■ **Saved entries**
━━━━
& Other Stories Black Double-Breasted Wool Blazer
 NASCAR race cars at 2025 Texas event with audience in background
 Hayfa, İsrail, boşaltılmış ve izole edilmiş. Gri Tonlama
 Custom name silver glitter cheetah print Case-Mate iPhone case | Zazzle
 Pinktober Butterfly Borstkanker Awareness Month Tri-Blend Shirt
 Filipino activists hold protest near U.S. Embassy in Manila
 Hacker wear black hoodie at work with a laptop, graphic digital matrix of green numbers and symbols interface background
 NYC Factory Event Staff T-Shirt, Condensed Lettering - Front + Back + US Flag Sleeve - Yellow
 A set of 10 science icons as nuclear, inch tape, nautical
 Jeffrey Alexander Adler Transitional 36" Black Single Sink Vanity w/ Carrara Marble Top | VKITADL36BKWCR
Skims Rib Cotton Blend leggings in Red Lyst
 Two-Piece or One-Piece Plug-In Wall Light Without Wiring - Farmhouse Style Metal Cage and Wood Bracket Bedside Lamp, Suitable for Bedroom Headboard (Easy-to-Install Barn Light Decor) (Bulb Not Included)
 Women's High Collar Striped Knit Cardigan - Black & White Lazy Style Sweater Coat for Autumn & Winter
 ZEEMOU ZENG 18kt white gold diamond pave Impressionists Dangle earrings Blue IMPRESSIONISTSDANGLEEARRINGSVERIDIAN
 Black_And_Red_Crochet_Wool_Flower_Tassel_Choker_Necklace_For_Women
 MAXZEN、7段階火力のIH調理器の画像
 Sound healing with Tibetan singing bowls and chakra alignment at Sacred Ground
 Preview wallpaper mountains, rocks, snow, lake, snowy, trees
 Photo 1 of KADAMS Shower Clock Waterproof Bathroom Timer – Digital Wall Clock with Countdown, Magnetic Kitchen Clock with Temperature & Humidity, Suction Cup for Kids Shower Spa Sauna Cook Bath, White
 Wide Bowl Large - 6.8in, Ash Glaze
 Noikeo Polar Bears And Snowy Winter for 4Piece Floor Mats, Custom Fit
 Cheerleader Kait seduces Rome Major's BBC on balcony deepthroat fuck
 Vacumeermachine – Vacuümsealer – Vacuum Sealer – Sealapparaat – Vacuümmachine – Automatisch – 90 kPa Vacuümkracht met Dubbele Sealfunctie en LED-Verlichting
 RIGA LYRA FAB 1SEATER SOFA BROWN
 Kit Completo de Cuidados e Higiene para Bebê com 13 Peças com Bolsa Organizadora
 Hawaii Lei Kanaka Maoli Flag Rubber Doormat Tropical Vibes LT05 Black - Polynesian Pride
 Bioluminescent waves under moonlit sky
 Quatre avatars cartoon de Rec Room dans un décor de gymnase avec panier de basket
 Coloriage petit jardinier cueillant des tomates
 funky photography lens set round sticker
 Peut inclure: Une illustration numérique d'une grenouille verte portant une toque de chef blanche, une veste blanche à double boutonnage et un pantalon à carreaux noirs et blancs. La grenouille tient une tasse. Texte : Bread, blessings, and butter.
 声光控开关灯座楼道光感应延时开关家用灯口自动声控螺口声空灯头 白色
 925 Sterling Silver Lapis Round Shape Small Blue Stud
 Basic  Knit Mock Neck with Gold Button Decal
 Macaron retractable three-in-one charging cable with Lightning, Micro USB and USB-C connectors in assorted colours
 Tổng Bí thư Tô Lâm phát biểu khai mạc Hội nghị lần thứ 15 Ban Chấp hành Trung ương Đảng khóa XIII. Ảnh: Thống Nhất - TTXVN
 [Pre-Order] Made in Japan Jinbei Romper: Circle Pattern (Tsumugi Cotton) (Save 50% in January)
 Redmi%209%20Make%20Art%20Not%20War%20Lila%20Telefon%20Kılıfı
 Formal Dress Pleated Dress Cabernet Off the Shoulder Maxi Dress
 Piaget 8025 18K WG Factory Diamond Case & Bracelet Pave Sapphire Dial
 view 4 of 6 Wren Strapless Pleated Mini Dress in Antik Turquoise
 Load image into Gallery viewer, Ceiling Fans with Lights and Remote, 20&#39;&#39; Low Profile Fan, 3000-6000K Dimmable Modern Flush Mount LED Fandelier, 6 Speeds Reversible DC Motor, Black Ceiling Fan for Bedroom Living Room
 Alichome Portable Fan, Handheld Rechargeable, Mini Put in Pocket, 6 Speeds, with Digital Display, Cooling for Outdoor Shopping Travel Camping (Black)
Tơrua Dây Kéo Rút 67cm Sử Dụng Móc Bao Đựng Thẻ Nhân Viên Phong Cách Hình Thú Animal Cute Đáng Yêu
━━━━
The answer should consist only of the number of lines above in which "Factory" appears.

■ **Result of this task**
2